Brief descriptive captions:
----

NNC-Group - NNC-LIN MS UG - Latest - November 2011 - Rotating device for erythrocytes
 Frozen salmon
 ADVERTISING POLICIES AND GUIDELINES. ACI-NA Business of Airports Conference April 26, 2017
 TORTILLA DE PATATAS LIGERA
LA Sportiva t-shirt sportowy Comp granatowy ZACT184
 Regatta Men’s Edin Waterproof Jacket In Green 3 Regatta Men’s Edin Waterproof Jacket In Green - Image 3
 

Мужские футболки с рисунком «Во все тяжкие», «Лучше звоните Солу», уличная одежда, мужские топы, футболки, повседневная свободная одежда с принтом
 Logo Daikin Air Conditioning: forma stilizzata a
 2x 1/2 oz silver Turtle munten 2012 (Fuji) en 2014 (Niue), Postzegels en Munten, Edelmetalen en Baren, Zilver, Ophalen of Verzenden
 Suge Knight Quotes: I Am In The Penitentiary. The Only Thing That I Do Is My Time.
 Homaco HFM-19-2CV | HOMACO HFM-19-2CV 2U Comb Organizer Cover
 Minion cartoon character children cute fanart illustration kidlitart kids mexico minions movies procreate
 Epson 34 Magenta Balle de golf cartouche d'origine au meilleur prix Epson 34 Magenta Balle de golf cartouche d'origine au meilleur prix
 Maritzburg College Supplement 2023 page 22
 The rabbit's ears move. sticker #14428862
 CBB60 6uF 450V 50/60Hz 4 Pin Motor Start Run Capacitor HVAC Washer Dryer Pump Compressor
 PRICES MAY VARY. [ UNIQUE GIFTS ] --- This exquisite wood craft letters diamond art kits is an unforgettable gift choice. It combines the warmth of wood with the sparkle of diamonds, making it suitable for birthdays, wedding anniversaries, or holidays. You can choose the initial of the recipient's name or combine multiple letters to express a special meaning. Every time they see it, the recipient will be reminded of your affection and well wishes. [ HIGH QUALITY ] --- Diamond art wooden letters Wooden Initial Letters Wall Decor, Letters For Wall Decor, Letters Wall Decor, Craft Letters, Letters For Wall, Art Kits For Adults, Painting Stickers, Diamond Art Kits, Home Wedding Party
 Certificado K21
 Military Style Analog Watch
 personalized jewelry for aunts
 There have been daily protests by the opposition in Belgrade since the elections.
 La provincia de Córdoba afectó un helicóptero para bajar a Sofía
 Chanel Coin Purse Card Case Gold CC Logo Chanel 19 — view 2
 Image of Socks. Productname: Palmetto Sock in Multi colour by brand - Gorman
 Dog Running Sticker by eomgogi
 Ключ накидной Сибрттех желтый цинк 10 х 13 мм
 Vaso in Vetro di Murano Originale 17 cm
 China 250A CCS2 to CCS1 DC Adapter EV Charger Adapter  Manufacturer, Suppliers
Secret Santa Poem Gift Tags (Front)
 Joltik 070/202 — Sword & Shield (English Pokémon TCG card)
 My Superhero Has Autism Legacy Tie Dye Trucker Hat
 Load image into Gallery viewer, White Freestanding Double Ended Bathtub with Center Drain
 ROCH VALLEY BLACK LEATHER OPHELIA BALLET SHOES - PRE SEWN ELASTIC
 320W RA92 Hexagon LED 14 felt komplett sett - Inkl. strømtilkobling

----

§ **Problem requirements**: Above are records; repeat only the lines starting at the line with "Military Style Analog Watch" and ending at the line with "La provincia de", exactly as they appear, both included.

§ **Output of the task**:
 Military Style Analog Watch
 personalized jewelry for aunts
 There have been daily protests by the opposition in Belgrade since the elections.
 La provincia de Córdoba afectó un helicóptero para bajar a Sofía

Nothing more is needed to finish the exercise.